The control variant shows the lowest scavenging effect of 43%. Generally, the addition of all waste materials to the substrates elevated the scavenging ability. The strongest effect of supplementation on the improvement of the scavenging ability (up to 80%) was observed for mushrooms cultivated with 20% PPEW. The ability to scavenge DPPH radicals was strongly correlated with TPC (r = 0.820) and with phenolic metabolites (0.989 ≥ r ≥ 0.969) except for 4-HBA, which confirmed the powerful role of phenolic compounds as antioxidants.

4. Discussion

According to Kalač [59], the number of commercially cultivated mushroom species is about 100 with 20 species cultivated on an industrial scale. For this reason, biofortification of not only P. citrinopileatus, but also many other species are important due to the improvement of their composition. Cultivation of P. citrinopileatus in substrates enriched with selected additions containing particular elements (e.g., Ca, Mg or Se) may be the cause of their increased transport during fructification [60,61]. However, it should be remembered that biofortification concerns only selected and essential elements such as Fe, Li, Se or Zn. For the cultivation of P. citrinopileatus in Poland, wheat or rye straw and deciduous sawdust enriched with cereal bran are mainly used to prepare the basic component in the culture medium [5,50]. Stimulation of mushroom growth on substrate enriched with organic wastes is related to the higher concentration of nitrogen as well as other necessary elements [62]. This was confirmed by results reported in a study by Singh and Singh [63], where P. citrinopileatus was cultivated separately or on various combinations of paddy straw with selected agriwastes (pea pod shell, radish, leaves, brassica straw or cauliflower leaves).

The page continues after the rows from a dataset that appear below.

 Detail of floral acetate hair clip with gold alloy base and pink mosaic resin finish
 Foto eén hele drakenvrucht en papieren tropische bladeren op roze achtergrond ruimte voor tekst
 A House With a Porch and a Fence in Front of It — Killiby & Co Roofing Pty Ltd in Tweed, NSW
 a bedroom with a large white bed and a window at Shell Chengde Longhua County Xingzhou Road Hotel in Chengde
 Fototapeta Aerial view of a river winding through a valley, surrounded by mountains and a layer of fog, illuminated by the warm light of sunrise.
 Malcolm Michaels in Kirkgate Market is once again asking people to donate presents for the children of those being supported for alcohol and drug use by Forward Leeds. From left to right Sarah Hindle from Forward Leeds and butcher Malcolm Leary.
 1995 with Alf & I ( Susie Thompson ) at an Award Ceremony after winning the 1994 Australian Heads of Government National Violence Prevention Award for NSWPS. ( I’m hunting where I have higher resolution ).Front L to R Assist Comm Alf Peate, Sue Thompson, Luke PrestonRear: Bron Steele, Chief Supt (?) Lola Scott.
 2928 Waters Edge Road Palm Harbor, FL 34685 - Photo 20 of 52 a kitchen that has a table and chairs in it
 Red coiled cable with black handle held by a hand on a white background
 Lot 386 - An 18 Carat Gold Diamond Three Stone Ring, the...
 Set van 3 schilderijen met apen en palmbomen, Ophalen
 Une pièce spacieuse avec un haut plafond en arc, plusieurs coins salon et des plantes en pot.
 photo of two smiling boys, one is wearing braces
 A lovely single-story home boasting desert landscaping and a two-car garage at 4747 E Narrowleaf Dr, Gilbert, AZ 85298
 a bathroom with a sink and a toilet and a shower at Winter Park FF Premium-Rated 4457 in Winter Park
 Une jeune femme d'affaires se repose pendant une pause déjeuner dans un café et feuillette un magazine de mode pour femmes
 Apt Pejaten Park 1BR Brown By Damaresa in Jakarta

Those authors observed that an optimal composition of the substrate (in this case 70% paddy straw and 30% of other agriwastes) stimulated P. citrinopileatus yield and bioefficiency. In our study, a higher or lower addition of TPEW (50 or 25%, respectively) was not the cause of significant changes in yield. Additionally, results described by Singh and Singh [63] that the preparation of substrate composed of an optimal mixture used in the experiment for WB, PPEW and/or TPEW could be a factor causing a significantly higher yield of this mushroom species. Owaid et al. [64] confirmed this point of view by indicating that the use of additives in the form of mixtures more effectively meets the nutritional requirements of mushrooms. This satisfaction of P. citrinopileatus nutritional needs to varying degrees with the wastes used in our studies can explain significant differences in the yield observed in Figure 1. The potential cause for differences in yields of P. citrinopileatus may have resulted from the varied ability of P. citrinopileatus to secrete hydrolytic and/or oxidative enzymes crucial in the use of lignocellulosic substrates [65].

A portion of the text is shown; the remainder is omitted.